Song by Was (Not Was)

from the album Born to Laugh at Tornadoes
- Released: 1983
- Length: 3:52
- Label: Geffen
- Songwriters: David Was; Don Was;
- Producers: Jack Tann; David Was; Don Was;

= Shake Your Head =

1983 song by Was (Not Was)

"Shake Your Head" is a song by American pop rock group Was (Not Was). It was originally released in 1983 by Geffen Records on their second album, Born to Laugh at Tornadoes (1983), with Ozzy Osbourne on vocals. A 1992 re-recording, remixed by house music producer Steve "Silk" Hurley, with actress Kim Basinger and a re-recorded Osbourne on vocals, was released as a single and on the group's third compilation album, Hello Dad... I'm in Jail (1992).

==Background==

The original version features Black Sabbath singer Ozzy Osbourne on lead vocals. Madonna had auditioned for the vocal but was not used on the final release.

In 1992, it was re-recorded and remixed by house music producer Steve "Silk" Hurley, and features actress Kim Basinger alongside a re-recorded Ozzy Osbourne on vocals. It appeared on the group's compilation album Hello Dad... I'm in Jail.

The original plan for the re-release was to restore Madonna's vocals to the track, but she refused to grant permission, hence Basinger was approached instead. However, Madonna's restored vocals were accidentally released on two occasions. A full Madonna vocal appears on the two-LP and double-cassette formats of compilation release Now Dance 92, entitled the 12-inch mix. The CD format of this compilation includes the regular 7-inch mix, however. The 12-inch and CD single formats of Was (Not Was)'s follow-up single, "Somewhere in America (There's a Street Named after My Dad)", includes a Dub Mix of "Shake Your Head" which uses several of Madonna's vocals. Although the song did not chart in the US, it was the band's biggest commercial success in the United Kingdom, reaching number four on the UK Singles Chart.

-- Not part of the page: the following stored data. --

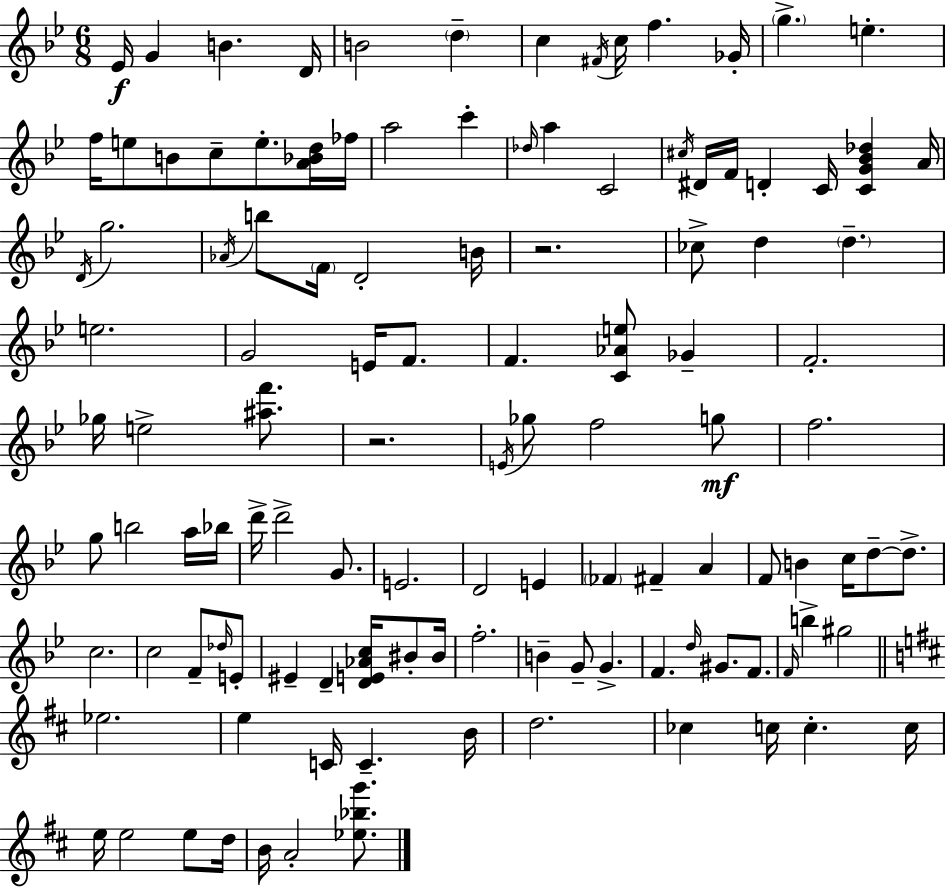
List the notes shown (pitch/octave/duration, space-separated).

Eb4/s G4/q B4/q. D4/s B4/h D5/q C5/q F#4/s C5/s F5/q. Gb4/s G5/q. E5/q. F5/s E5/e B4/e C5/e E5/e. [A4,Bb4,D5]/s FES5/s A5/h C6/q Db5/s A5/q C4/h C#5/s D#4/s F4/s D4/q C4/s [C4,G4,Bb4,Db5]/q A4/s D4/s G5/h. Ab4/s B5/e F4/s D4/h B4/s R/h. CES5/e D5/q D5/q. E5/h. G4/h E4/s F4/e. F4/q. [C4,Ab4,E5]/e Gb4/q F4/h. Gb5/s E5/h [A#5,F6]/e. R/h. E4/s Gb5/e F5/h G5/e F5/h. G5/e B5/h A5/s Bb5/s D6/s D6/h G4/e. E4/h. D4/h E4/q FES4/q F#4/q A4/q F4/e B4/q C5/s D5/e D5/e. C5/h. C5/h F4/e Db5/s E4/e EIS4/q D4/q [D4,E4,Ab4,C5]/s BIS4/e BIS4/s F5/h. B4/q G4/e G4/q. F4/q. D5/s G#4/e. F4/e. F4/s B5/q G#5/h Eb5/h. E5/q C4/s C4/q. B4/s D5/h. CES5/q C5/s C5/q. C5/s E5/s E5/h E5/e D5/s B4/s A4/h [Eb5,Bb5,G6]/e.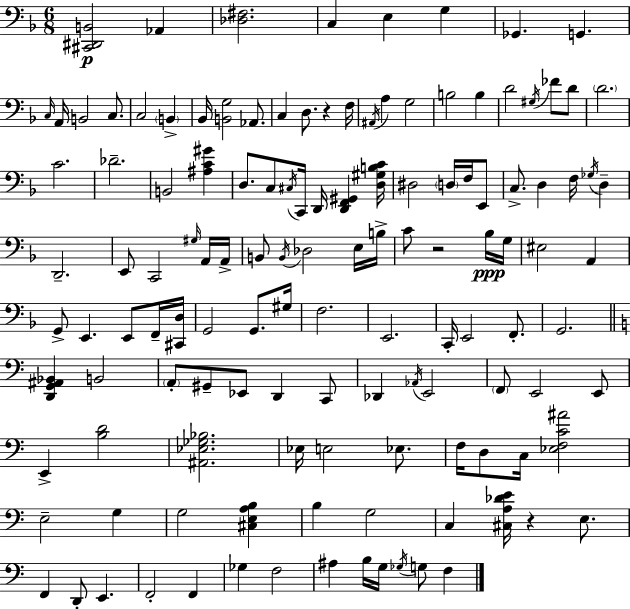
X:1
T:Untitled
M:6/8
L:1/4
K:Dm
[^C,,^D,,B,,]2 _A,, [_D,^F,]2 C, E, G, _G,, G,, C,/4 A,,/4 B,,2 C,/2 C,2 B,, _B,,/4 [B,,G,]2 _A,,/2 C, D,/2 z F,/4 ^A,,/4 A, G,2 B,2 B, D2 ^G,/4 _F/2 D/2 D2 C2 _D2 B,,2 [^A,C^G] D,/2 C,/2 ^C,/4 C,,/4 D,,/4 [D,,F,,^G,,] [D,^G,B,C]/4 ^D,2 D,/4 F,/4 E,,/2 C,/2 D, F,/4 _G,/4 D, D,,2 E,,/2 C,,2 ^G,/4 A,,/4 A,,/4 B,,/2 B,,/4 _D,2 E,/4 B,/4 C/2 z2 _B,/4 G,/4 ^E,2 A,, G,,/2 E,, E,,/2 F,,/4 [^C,,D,]/4 G,,2 G,,/2 ^G,/4 F,2 E,,2 C,,/4 E,,2 F,,/2 G,,2 [D,,G,,^A,,_B,,] B,,2 A,,/2 ^G,,/2 _E,,/2 D,, C,,/2 _D,, _A,,/4 E,,2 F,,/2 E,,2 E,,/2 E,, [B,D]2 [^A,,_E,_G,_B,]2 _E,/4 E,2 _E,/2 F,/4 D,/2 C,/4 [_E,F,C^A]2 E,2 G, G,2 [^C,E,A,B,] B, G,2 C, [^C,A,_DE]/4 z E,/2 F,, D,,/2 E,, F,,2 F,, _G, F,2 ^A, B,/4 G,/4 _G,/4 G,/2 F,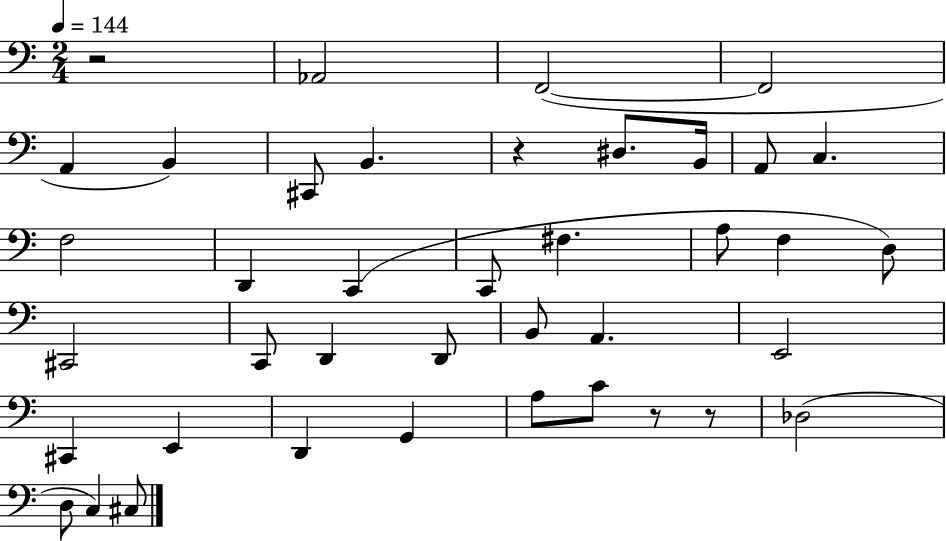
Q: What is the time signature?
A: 2/4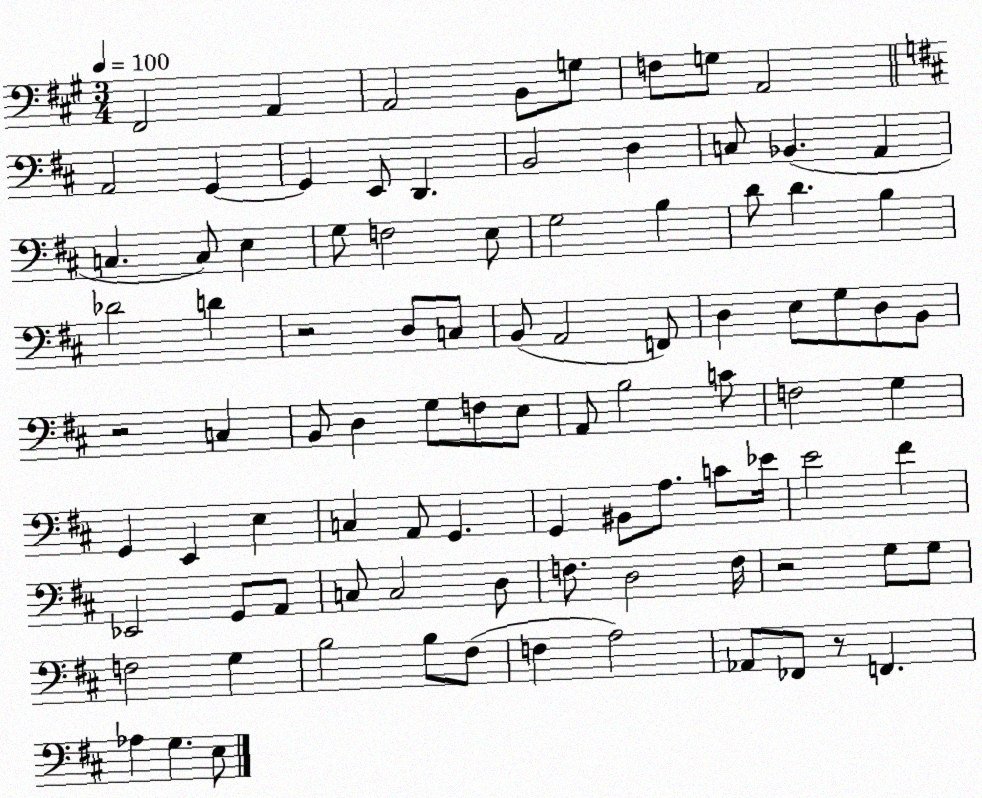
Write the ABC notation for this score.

X:1
T:Untitled
M:3/4
L:1/4
K:A
^F,,2 A,, A,,2 B,,/2 G,/2 F,/2 G,/2 A,,2 A,,2 G,, G,, E,,/2 D,, B,,2 D, C,/2 _B,, A,, C, C,/2 E, G,/2 F,2 E,/2 G,2 B, D/2 D B, _D2 D z2 D,/2 C,/2 B,,/2 A,,2 F,,/2 D, E,/2 G,/2 D,/2 B,,/2 z2 C, B,,/2 D, G,/2 F,/2 E,/2 A,,/2 B,2 C/2 F,2 G, G,, E,, E, C, A,,/2 G,, G,, ^B,,/2 A,/2 C/2 _E/4 E2 ^F _E,,2 G,,/2 A,,/2 C,/2 C,2 D,/2 F,/2 D,2 F,/4 z2 G,/2 G,/2 F,2 G, B,2 B,/2 ^F,/2 F, A,2 _A,,/2 _F,,/2 z/2 F,, _A, G, E,/2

There are several versions of the 1992 remake:
- The 3:48 single version starts with Ozzy Osbourne singing "You can't feed the hungry, you can't talk Shakespeare to a monkey..."
- The 4:00 album version starts with Kim Basinger singing "You can't argue with death. You can't break a burly sailor's neck...". There is also a Steve "Silk" Hurley 12-inch mix and a 12-inch dub.

While the song's verses list things that cannot be done (some are outlandish, some can be done, but have a high amount of difficulty), the chorus rects with the advice to "Shake your head" and "Let's go to bed".

==Track listings==
- 7-inch and cassette single
1. "Shake Your Head" – 3:42
2. "I Blew Up the United States" – 3:51

- 12-inch single
A1. "Shake Your Head" – 6:49
A2. "I Blew Up the United States" – 3:51
B1. "Listen Like Thieves" (Giant club mix)
B2. "Listen Like Thieves" (Vandal dub)

- CD single
1. "Shake Your Head"
2. "Spy in the House of Love"
3. "I Blew Up the United States"
4. "Robot Girl"

==Charts==

===Weekly charts===

| Chart (1992) | Peak position |
|---|---|
| Australia (ARIA) | 47 |
| Europe (Eurochart Hot 100) | 20 |
| Europe (European Dance Radio) | 5 |
| Germany (GfK) | 77 |
| Ireland (IRMA) | 8 |
| Portugal (AFP) | 3 |
| Sweden (Sverigetopplistan) | 39 |
| UK Singles (Official Charts) | 4 |
| UK Airplay (Music Week) | 2 |
| UK Dance (Music Week) | 15 |
| UK Club Chart (Music Week) | 15 |

===Year-end chart===

| Chart (1992) | Position |
|---|---|
| Europe (European Dance Radio) | 25 |
| UK Singles (OCC) | 44 |
| UK Airplay (Music Week) | 25 |

==Release history==

| Region | Date | Format(s) | Label(s) | Ref. |
| United Kingdom | June 29, 1992 | 7-inch vinyl; 12-inch vinyl; CD; cassette; | Fontana |  |
| Australia | August 24, 1992 | CD; cassette; |  |

==Other versions==
In 2003, Dutch-German pop singer C. C. Catch released a version of the song that reached number 12 on the Spanish Singles Chart.